When did you become a Brown doubter?

When did you become a Brown doubter?


    Is it just recently or have you thought so all along?

It’s becoming very difficult to find anybody any more who still says positive things about Gordon Brown’s electability. One after another in recent months former great supporters of the ex-Chancellor have come to the same conclusion about the man they cheered into Downing Street at the end of June last year.

But when did you start to realise that he did not have it?
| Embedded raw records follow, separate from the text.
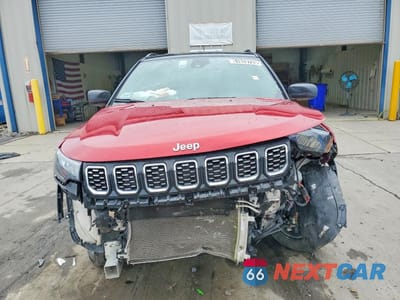 Piąte zdjęcie samochodu w środku: 2025 JEEP COMPASS LIMITED VIN:3C4NJDCN3ST597975 - miniatura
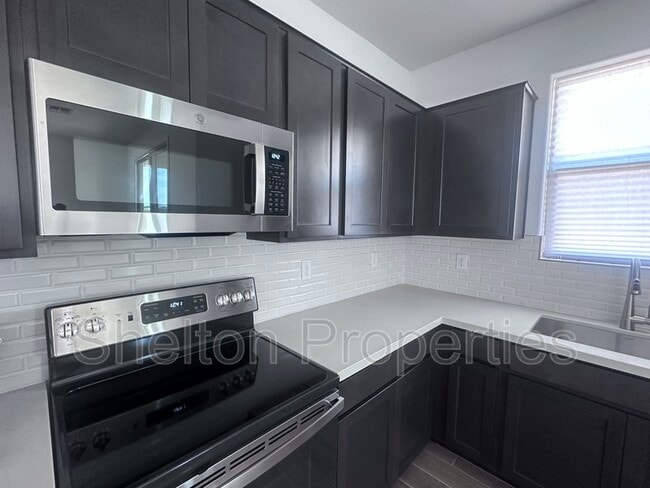Foto del edificio - 14360 W Alameda Dr
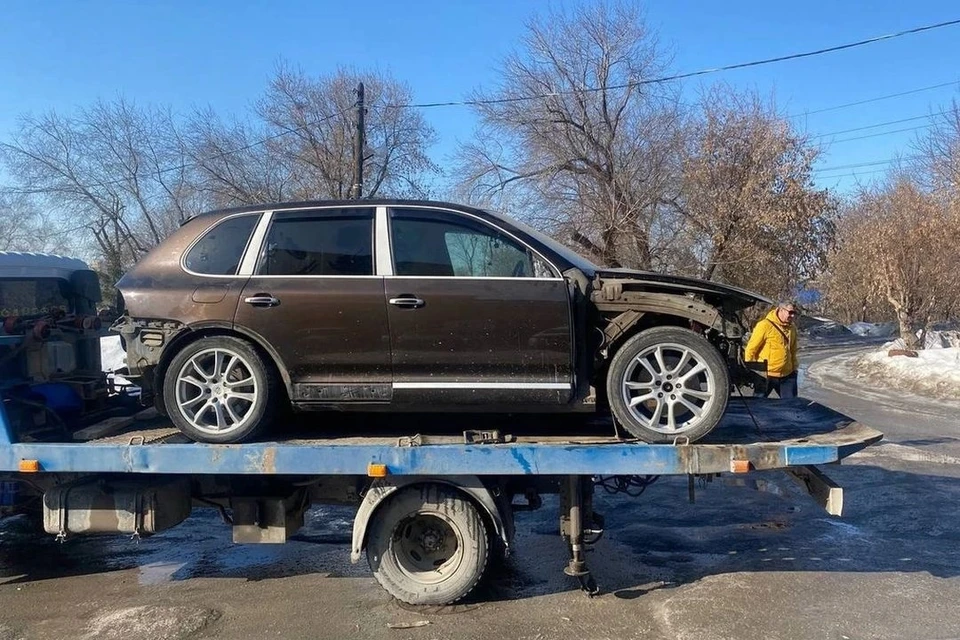 Приставы забрали Porsche Cayenne Turbo S у 31-летней жительницы Новосибирска. Фото: УФССП по НСО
When did you conclude that Labour would be heading for a disaster under his leadership?

The Brown-loyalists, in public at least, still argue that all is due to the economic down-turn and that if Labour can convince the public that it’s world events and it’s not Labour’s fault then it will all be OK.

That is clutching at straws – the reality is that they cannot distance themselves from the man for even if the economy was still going strong I think Gordon would still be in trouble.

I am very struck by Alan Watkins in the Independent on Sunday this morning. He writes: “Towards the middle of his Chancellorship, as I was listening to a Budget performance, the thought occurred to me: This man is unable to make a speech. He rushes his sentences. He gabbles his words. His pronunciation is grotesque: nothing to do with being Scottish, for most speakers from the Celtic nations have a natural declamatory gift, but perfectly ordinary words come out mangled..More than this (so I thought at the time), Mr Brown cannot be bothered to learn. He lacks any courtesy to his audience. He is content to plough on, and we are lucky to be allowed to listen to his words at all.”

To me, as those who have been visiting the site for long will have read, Gordon has always been an appalling communicator. But it’s Watkins’s“..can’t be bothered to learn. He lacks any courtesy to his audience..” that really strikes home.

Poor communicators, like Maggie Thatcher, can work hard at their style and improve. Gordon simply doesn’t see this as being important. The result is a man simply unable to be a coherent leader in the modern age.

The only issues now are when and how he departs.